### Task objective
Below is a listing; print exactly its lines from the one containing "To get started, open" down to the one containing "Following the fibula down", both inclusive, with every picture left out.

### Data section
'''

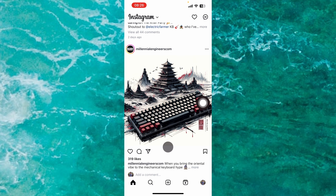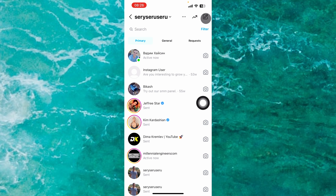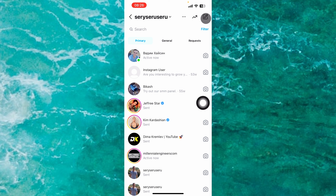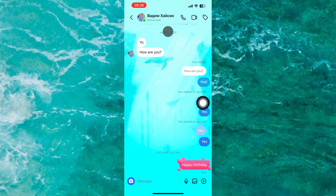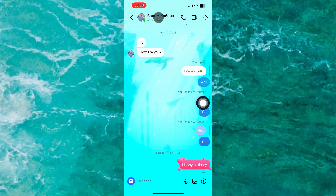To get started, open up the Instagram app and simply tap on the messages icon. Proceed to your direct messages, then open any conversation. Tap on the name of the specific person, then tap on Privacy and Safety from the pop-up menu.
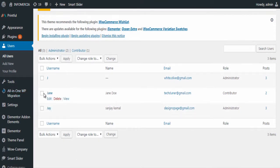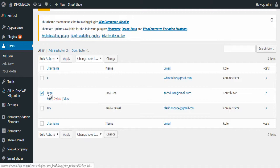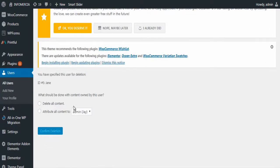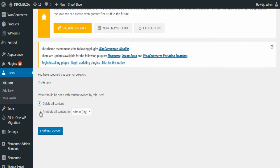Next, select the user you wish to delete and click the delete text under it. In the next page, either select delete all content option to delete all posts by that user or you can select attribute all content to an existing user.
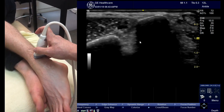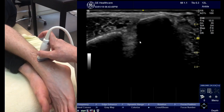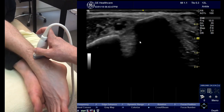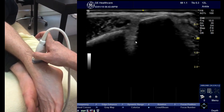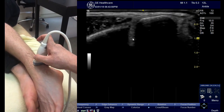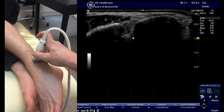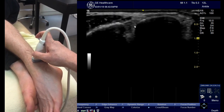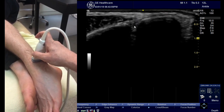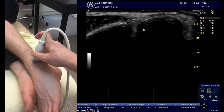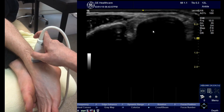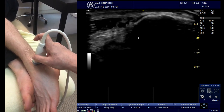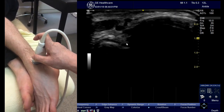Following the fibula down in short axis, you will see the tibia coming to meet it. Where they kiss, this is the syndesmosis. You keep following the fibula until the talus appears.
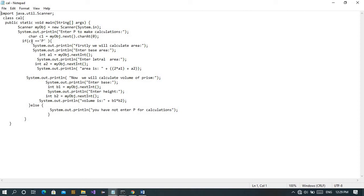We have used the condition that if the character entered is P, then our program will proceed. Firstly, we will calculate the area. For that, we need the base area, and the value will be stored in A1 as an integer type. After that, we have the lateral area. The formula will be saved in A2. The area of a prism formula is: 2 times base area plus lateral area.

'''
'''

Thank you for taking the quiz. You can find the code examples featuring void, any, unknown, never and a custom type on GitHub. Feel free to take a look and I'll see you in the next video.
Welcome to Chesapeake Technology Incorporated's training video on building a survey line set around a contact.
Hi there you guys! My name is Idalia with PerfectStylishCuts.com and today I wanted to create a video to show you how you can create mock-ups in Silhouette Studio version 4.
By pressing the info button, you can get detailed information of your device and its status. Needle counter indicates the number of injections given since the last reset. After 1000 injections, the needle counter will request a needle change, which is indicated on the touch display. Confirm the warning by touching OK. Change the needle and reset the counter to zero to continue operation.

'''

### Response to this task
To get started, open up the Instagram app and simply tap on the messages icon. Proceed to your direct messages, then open any conversation. Tap on the name of the specific person, then tap on Privacy and Safety from the pop-up menu.
Next, select the user you wish to delete and click the delete text under it. In the next page, either select delete all content option to delete all posts by that user or you can select attribute all content to an existing user.
Following the fibula down in short axis, you will see the tibia coming to meet it. Where they kiss, this is the syndesmosis. You keep following the fibula until the talus appears.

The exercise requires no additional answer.